Savings & Investment

Investment Banks Move Into Energy Trading – Enron Redux?

One of the shortcomings of the Enron collapse over a decade ago was the void left in the energy market. As a result, the Federal Reserve and Congress made policy and legislative changes that allowed investment banks to expand into the industry. In 2001, Enron—at that time the biggest power trader in the world— buckled under an accounting fraud.

The collapse caused rolling blackouts to occur across California. Eventually, several Enron employees plead guilty to multiple criminal charges and California received a $1.5 billion settlement.  What was left of the beleaguered company was sold to a Swiss company in 2002.

That same year, the Federal Energy Regulatory Commission (FERC), oversight agency for the energy market, grant approval to the Bank of America to begin conducting electricity transactions, which heralded the beginning investment banks in the energy markets.

JP Morgan Chase settles

The FERC just settled a case with JP Morgan Chase in which traders at the firm have been accused of 12 separate actions designed to manipulate the market and extort millions of dollars from energy grid operators.

The strategy smacks of the same improprieties that doomed Enron– once the darling of the energy industry. According to a 70-page report sent to the bank in March, the scheme involved using power plants it used or owned and were losing money, to appear as “powerful profit centers.”

Influential Wall Street  bank executive Blythe Masters  has a reputation for  pushing  the finance industries  beyond traditional boundaries and into new markets is accused of having  “knowledge and approval of schemes” perpetrated by  traders in Houston.

Masters is one of the key figures who developed credit default swaps–a controversial product referred to as derivatives.
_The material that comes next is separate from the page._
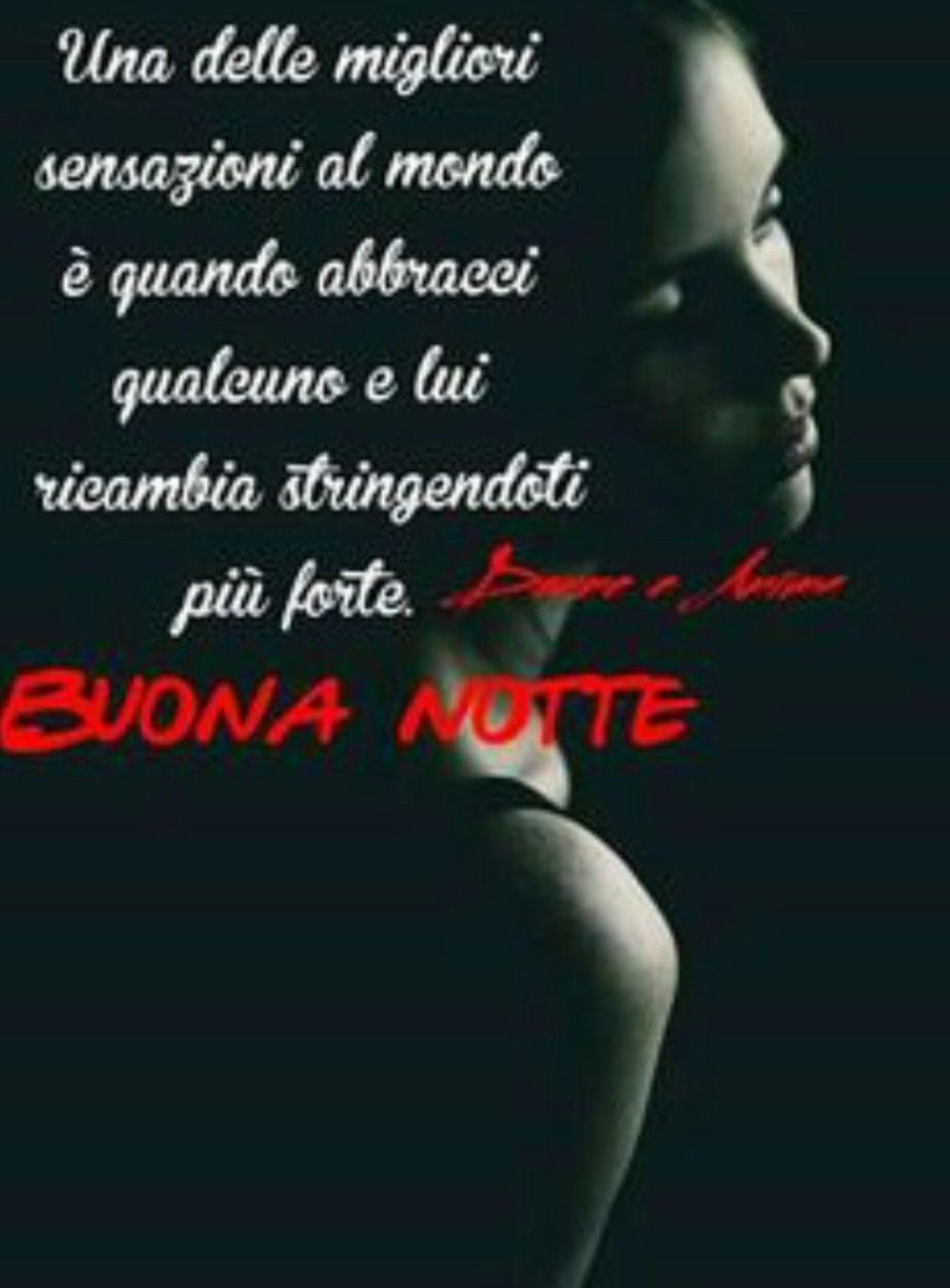 Buonanotte cari amici 9813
Credit default swaps instruments played a decisive role in the financial crisis that threatened the global economy in 2008.

The FERC says Masters “falsely denied” under oath to its investigators that she possessed any knowledge of the illegal trading schemes. The report states that JP Morgan Chase executives made, “scores of false and misleading statements and material omissions.”
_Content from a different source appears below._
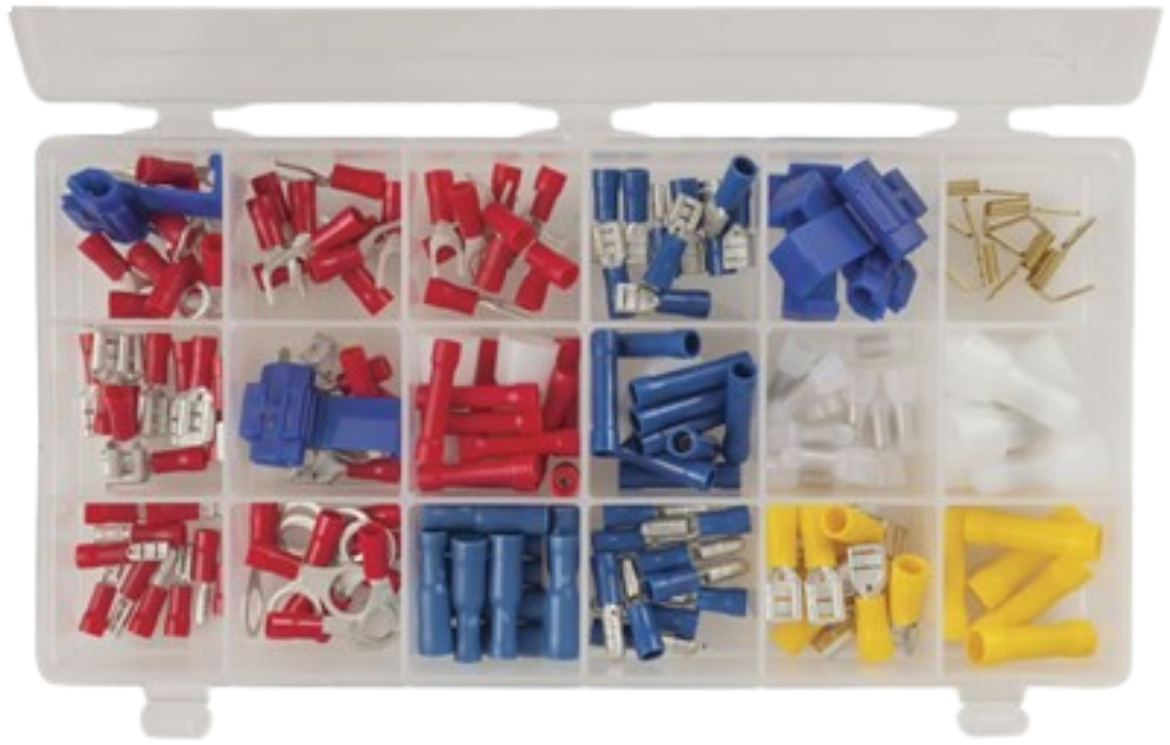 Picture of Quick Connect Crimp Connector Pack - 160 Pieces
JP Morgan will pay $410 million to settle the allegations, which occurred from 2010 to 2012, in Californian and Midwest power markets—ultimately costing consumers. The FERC will recover a civil penalty of $285 million.  The FERC also ordered JP Morgan Chase to give $125 million in restitution to electricity rate payers. The investment bank will also forfeit claims worth as much as $262 million on disputed payments from the grid operator in California.

Last week, the FERC imposed a $453 million fine against Barclays over allegations of power market manipulation. One trader bragged that he “totally fukked” an energy market located in the Southwest. News has also surfaced that employees at Deutsche Bank AG modified electricity flow to cover up losses on trading contracts.

Policymakers  and Fed concerned

The allegations involving investment banks and the energy market has stirred interest on Capitol Hill and at the Federal Reserve . Policymakers are pondering whether to undo decisions made more than ten years ago to permit investment banks to build energy-trading units.

The Senate Banking Committee held a hearing to reconsider the wisdom of having “Too Big to Fail” banks being involved in the operation of crude oil and power plants. A few weeks ago, the Fed made a statement that caused the investment banks industry to  take notice. The Fed intends to investigate how investment banks operate in all aspects of the commodity market, especially the energy industry.